1. Transferring data and its disclosure:
You must be very careful with personal data transfer. You have to ensure that unless you approve, no data gets transferred. Ask your data processors to take your approval first. Only then allow them to disclose personal data.
2. DPIAs:
It stands for Data Protection Impact Assessments. The GDPR has made it compulsory for the organizations to have DPIAs. It is because there is involvement of high-risk. The technologies may become obsolete. They may get deployed. It will adversely affect individuals significantly. And so large-scale monitoring is very important. This becomes more important if it comes to a publicly accessible area.
3. LIAs:
It stands for Legitimate Interests Assessments.
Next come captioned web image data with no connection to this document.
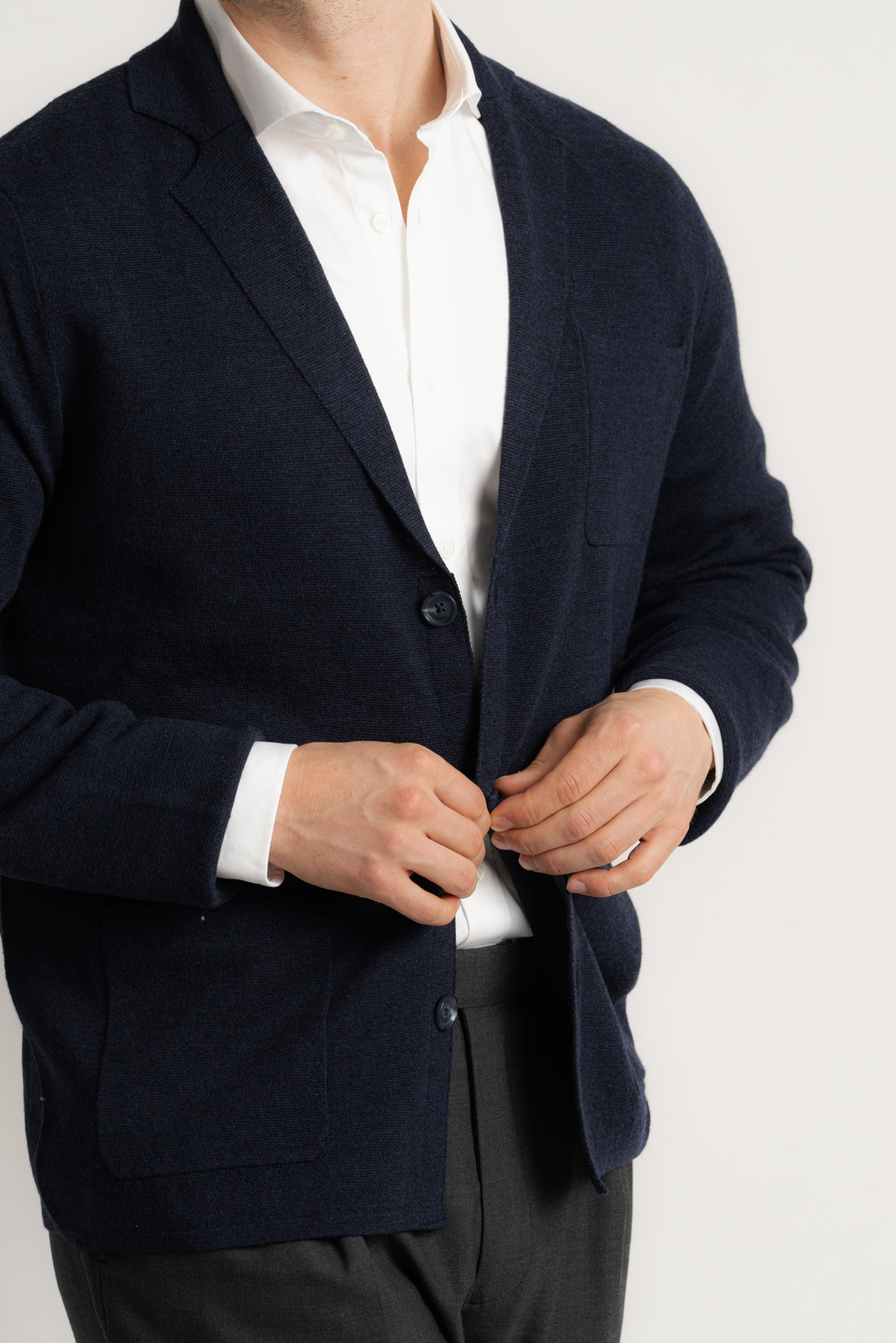 Merino Riviera Blazer - Navy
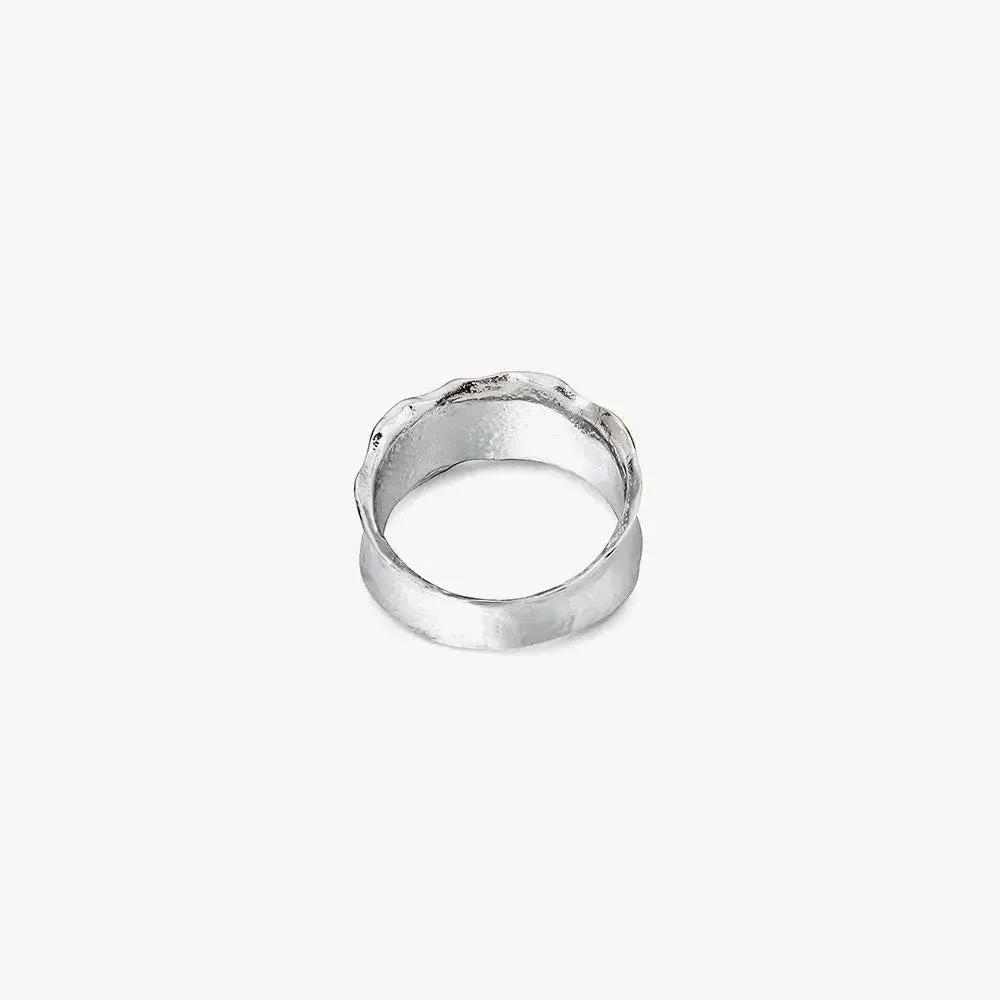 Fold Texture Irregular Ring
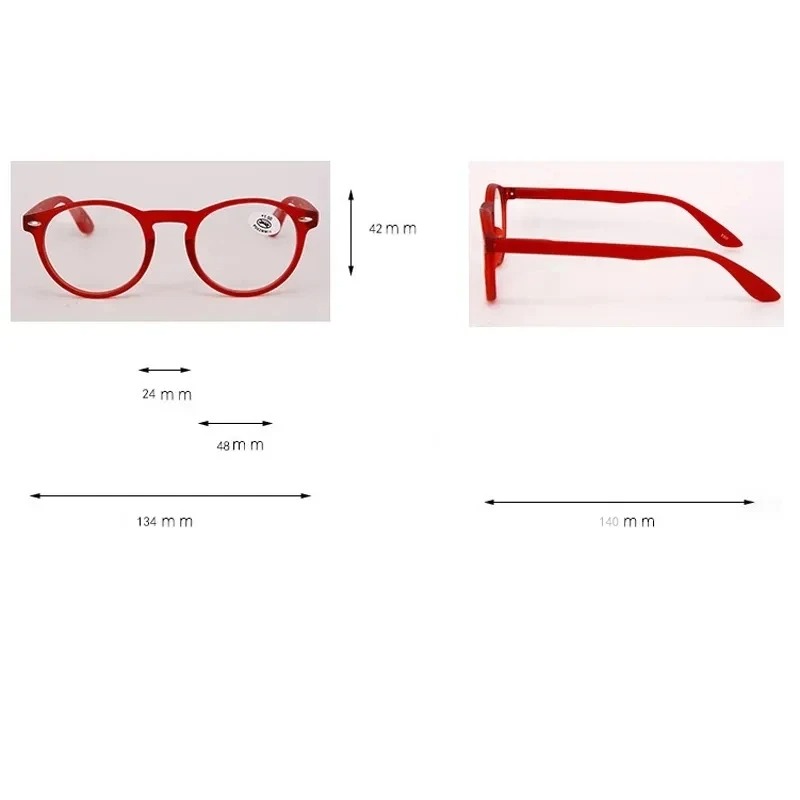 Lunettes de lecture rondes tendance pour femmes, lunettes d'ordinateur rondes, presbytie, hypermétropie, lunettes +0+1.0+1.5+2.0+2.5+3.0+3.5+4.0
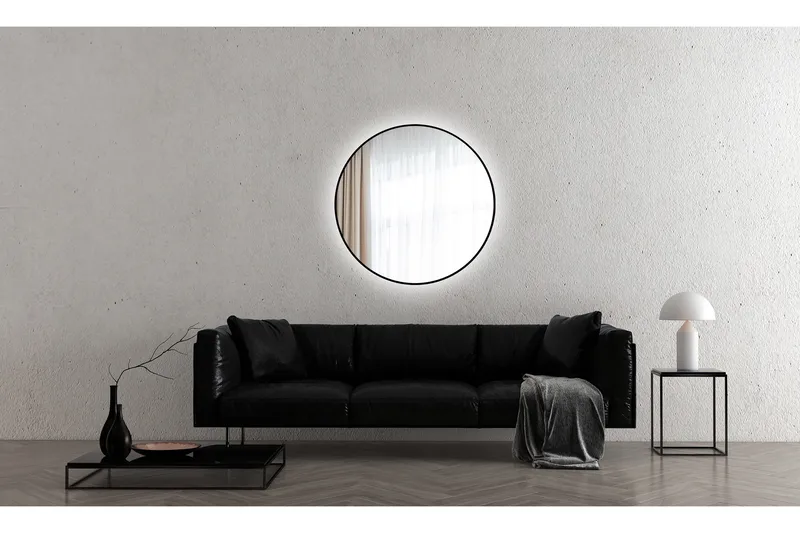 Kilir Spegel 100 cm Rund - Svart - Inredning & dekor - Speglar - Badrumsspegel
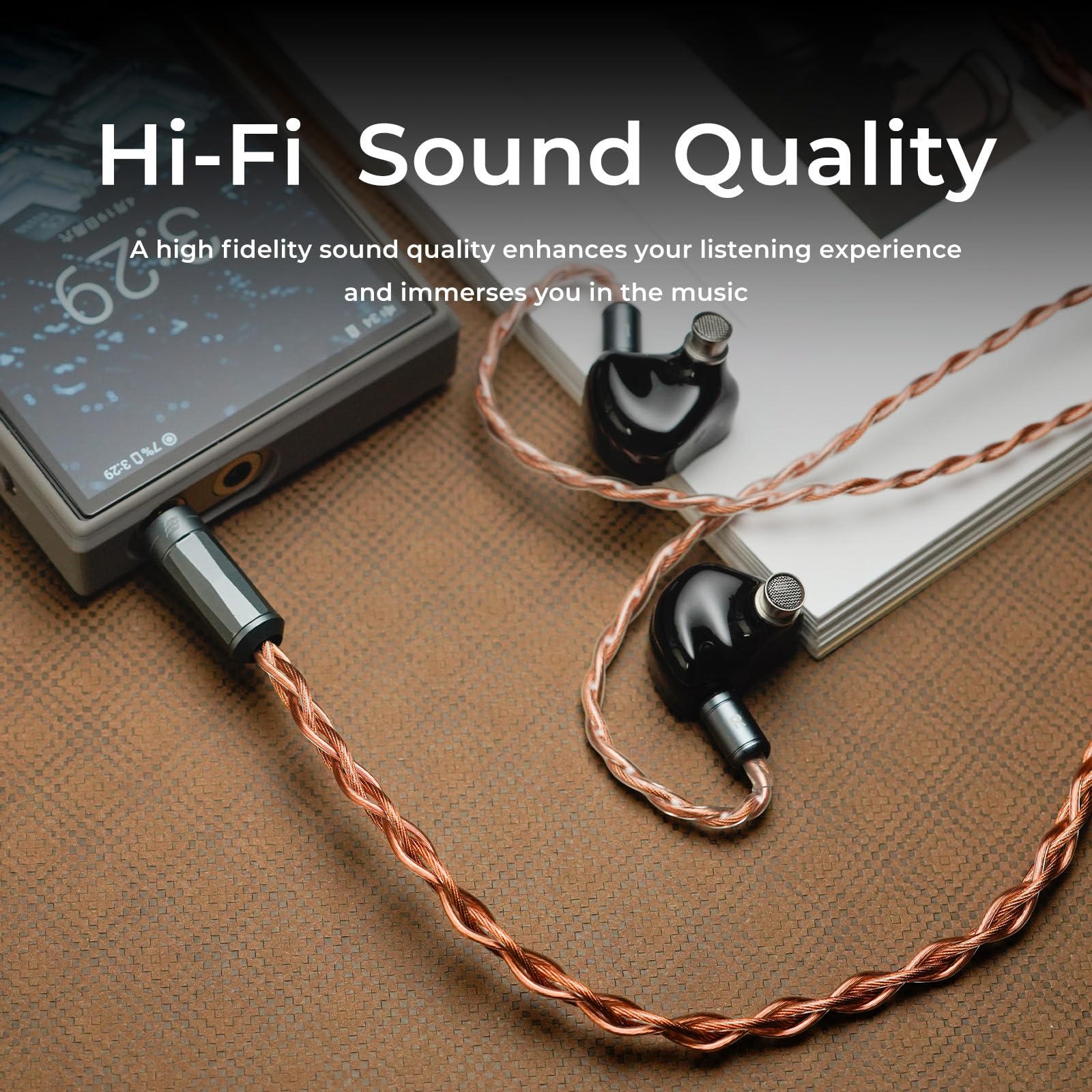 Amazon.com: HiFiGo Effect Audio Ares S Lite 4-Wire IEM Cable, UP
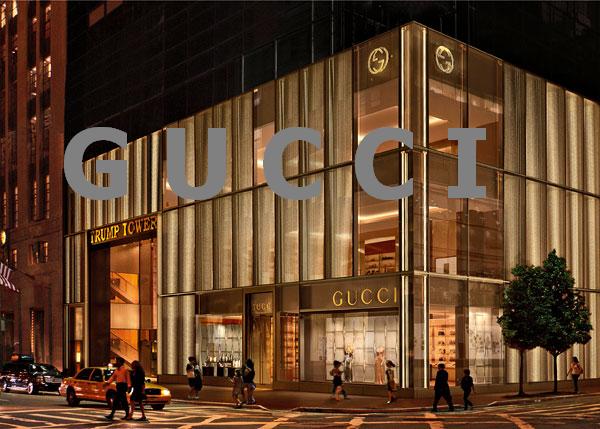 Gucci парфюм здание компании
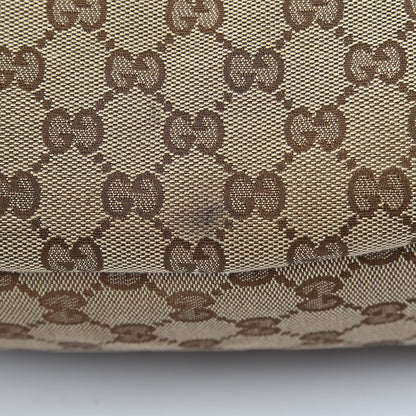 Gucci Monogram Large New Ladies Web Hobo Dark Brown 11 of 11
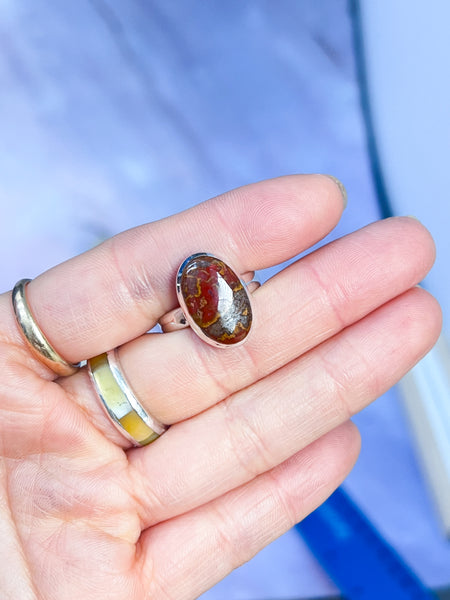 Seam Agate Rings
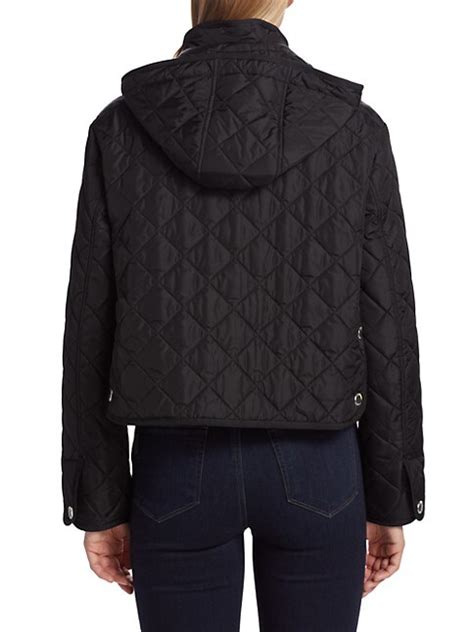 Shop Burberry Humbie Cropped Quilted Jacket 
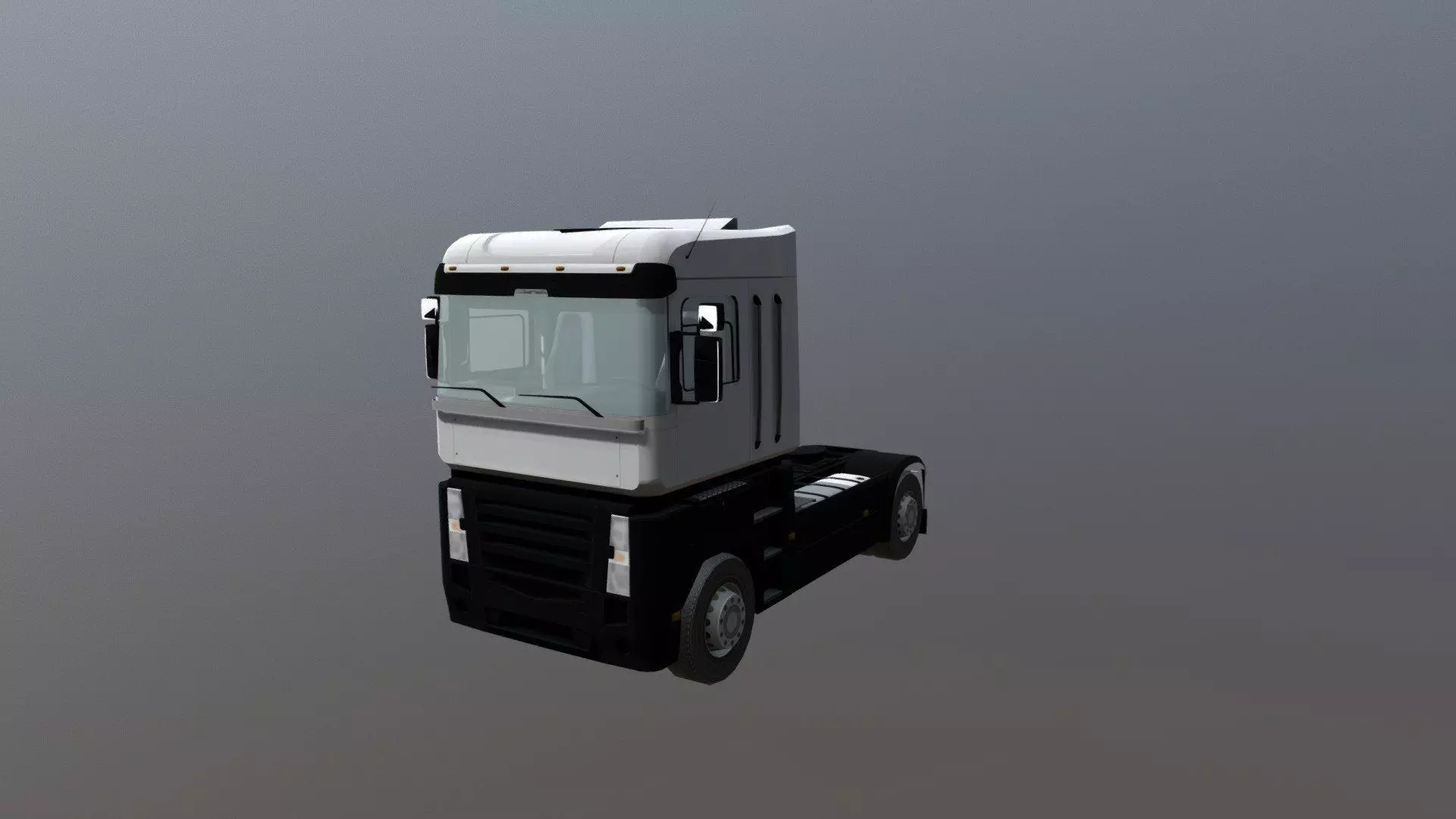 Renault Magnum Low-poly 3D model_0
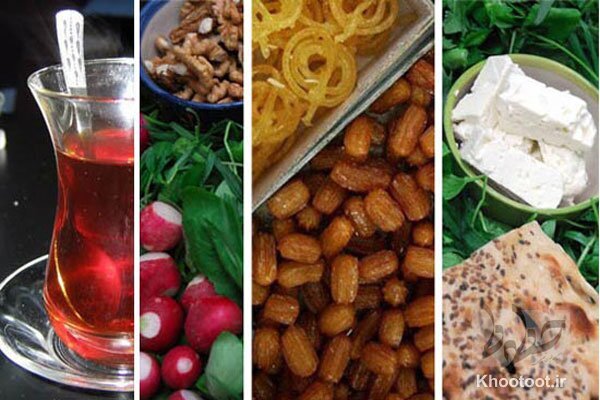 وعده‌های غذایی اصلی در ایام ماه رمضان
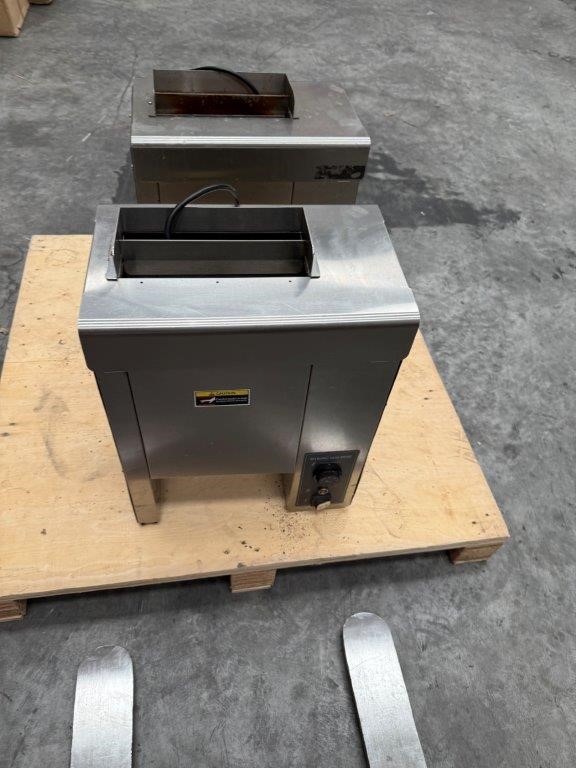 Vertical Burger Bun Toasters - Qty 2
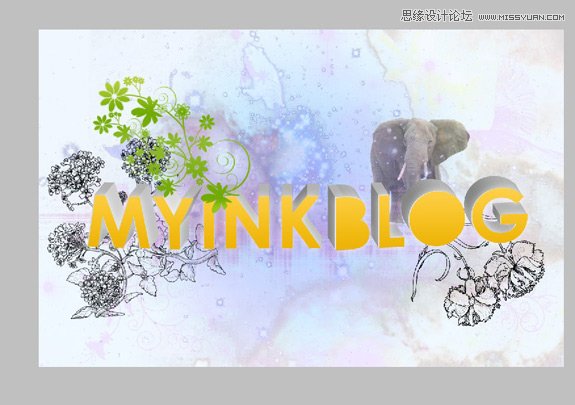 Illustrator结合PS打造碎花风格立体字,PS教程,思缘教程网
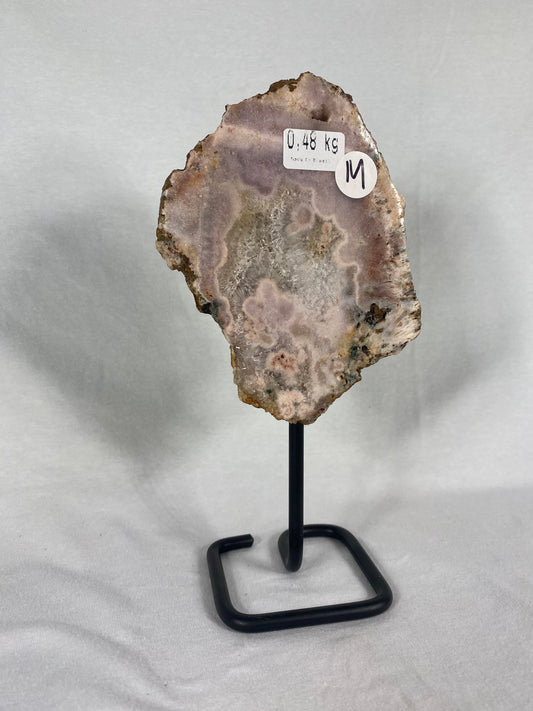 Brazilian Pink Amethyst Specimen On Stand (M)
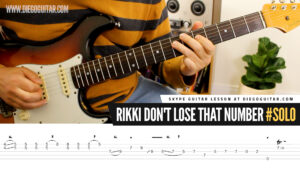 Rikki Don't Lose That Number Solo Tab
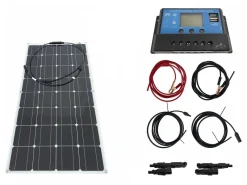 Bergproducts 100 watt flexibel zonnepaneelset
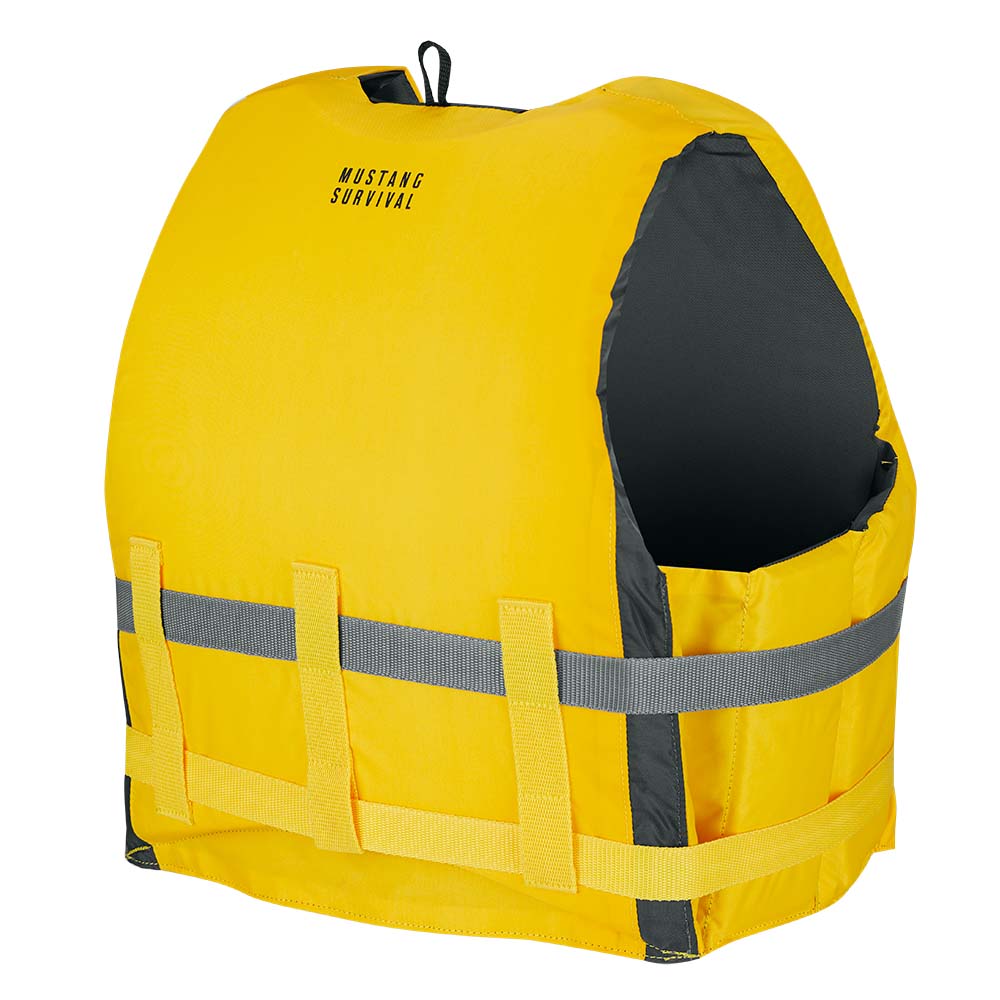 Mustang Livery Foam Vest - Yellow - XL/XXL [MV701DMS - 25 - XL/XXL - 216] - The Happy Skipper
It refers to the legitimate interests taken by privacy specialists. It is one of the best practices developed by privacy experts. It includes those situations when data controllers depend on legitimate interests. The controller can use his interest to ensure data protection. He may make sure that other laws are also being fulfilled.
4. DPOs:
It stands for Data Protection Officers. The GDPR asks organizations to have one Data Protection Officer (DPO). It includes public authorities. It is mandatory for organizations where continuous monitoring takes place. It also includes those organizations where systematic monitoring takes place at a large scale. This is done so that the data is not misused. There should be at least one authority who takes responsibility.
5. Safety of children:
GDPR has different rules, regulations, laws, and provisions for children. It includes children below 16 years.
The bottom line:
GDPR came into existence from May 25, 2018. It is very detailed and precise. It answers all the issues related to the rapidly growing digital world. It raises the importance of privacy issues for data subjects.
It is very transparent in nature. Every company has to do proper documentation of personal data. It has to ensure that everything happens as per the law. They have to follow sufficient procedures. They have to make sure to provide information safely. GDPR is considered to be very important as it works for data protection.